I just don't know where to begin. Where do you start to plot another point on the graph of Elvis Costello's massive artistic ascendency against his inexorable commercial decline? How to investigate, or in some way try to explain this frustrating phenomenon of the country's foremost songwriter and performer who simply can no longer sell records in any great number?
Of course, Costello still possesses (is chained to?) an horrendously cultish audience which ensures lowly album placings, but, it seems, is not interested in brilliant singles — this audience of '77's middle class angst-ridden soft student "radicals" now, five years on, replete with the trappings of a society's moderate success, are freezing this icon in aspic — ensuring a numbing impotence through commercial indifference — Costello as heir to the introverted frigidity of bedsitterland?
Why, why, why must this man of golden nib and lip be consigned to this ultimate No Future — a guaranteed future of compromise and underachievement where every ecstatic hook or phrase cannot be taken at face value, but undermined by dullard preconceptions and confused by the very wealth of excellence already experienced? What is it about EC that so soundly turns people off?
To say that Elvis Costello was magnificent at Oxford's cosy Appollo Theatre would be, at the very least, mild understatement.
Over two hours of entertainment so hard, so passionate — touching and probing every emotion, from glimpses of despair to pure joy. Costello's body of work is now gargantuan enough to ensure a set devoid of low points, merely contrasting the numerous highs — the fact that he can afford to dispense with so many classics (he didn't play "Shot With His Own Gun," nor "Town Cryer," nor "New Amsterdam") sharply reiterating the riches that were on display.

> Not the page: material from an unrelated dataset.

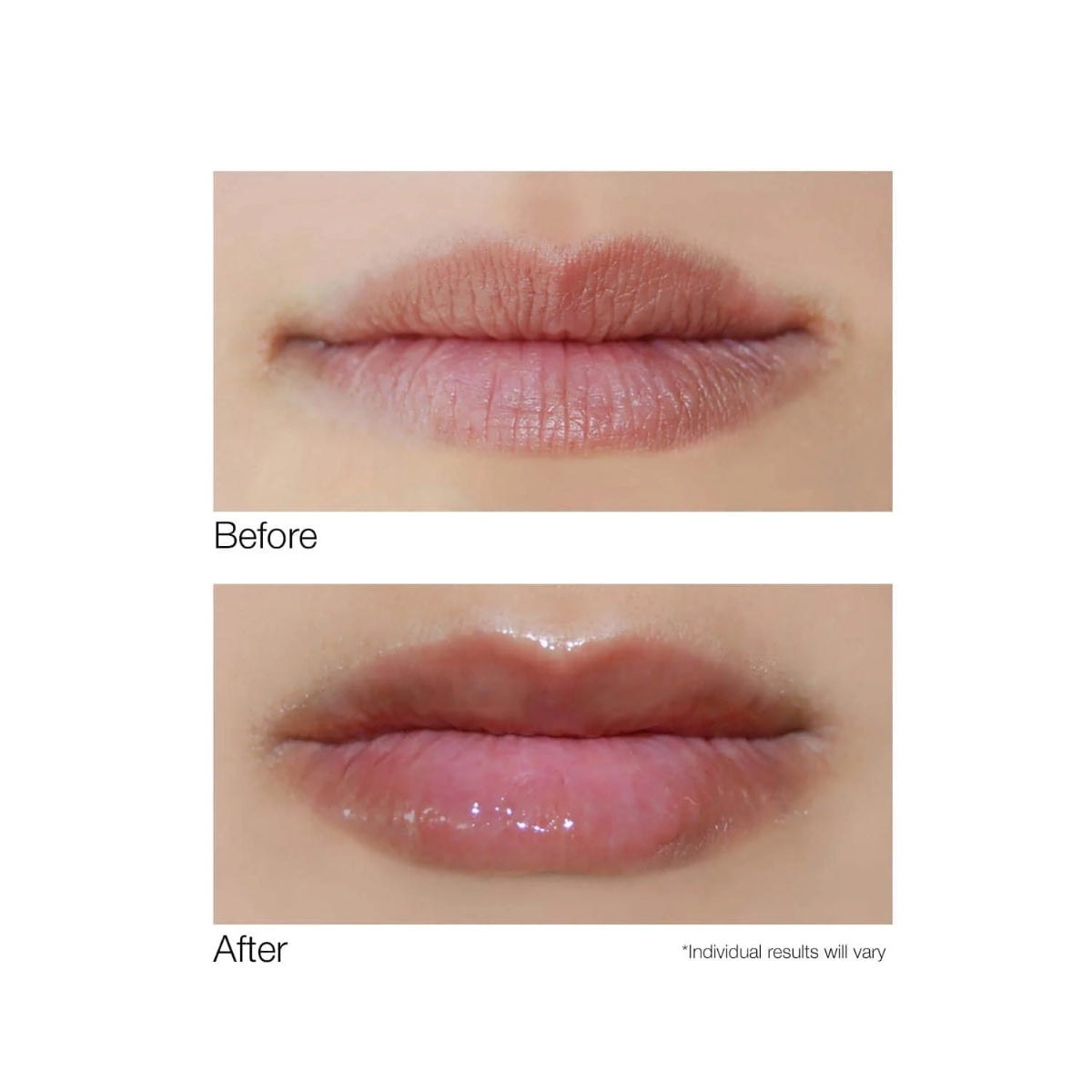 Dermelect before and after close up of lips showing glossy plumping effect using lip volumizer for fuller lips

If the start was shaky, in that he and The Attractions fell prey to their single consistent live fault, rattling away like an express in a rush to dispel initial stage nerves, a sudden, subtle turnabout saw the hesitancy and speedbeat impatience tumble away as "Shabby Doll" clicked into that effortless inventiveness that The Attractions have made their hallmark, and a million others have failed to imitate.
Five years of melodic and rhythmic incest, honed by two more months of solid examination of the Imperial Bedroom collection in America, has produced a group so sensuously intimate with each other's motives, reactions, ploys and needs — plus an awareness of the material that transcends mere chord progressions or climactic emphasis —that the structure of each song is used solely as a point of reference — a framework on which to elucidate, a search commenced every night with the most intrinsic discoveries laid bare to the hardest gaze.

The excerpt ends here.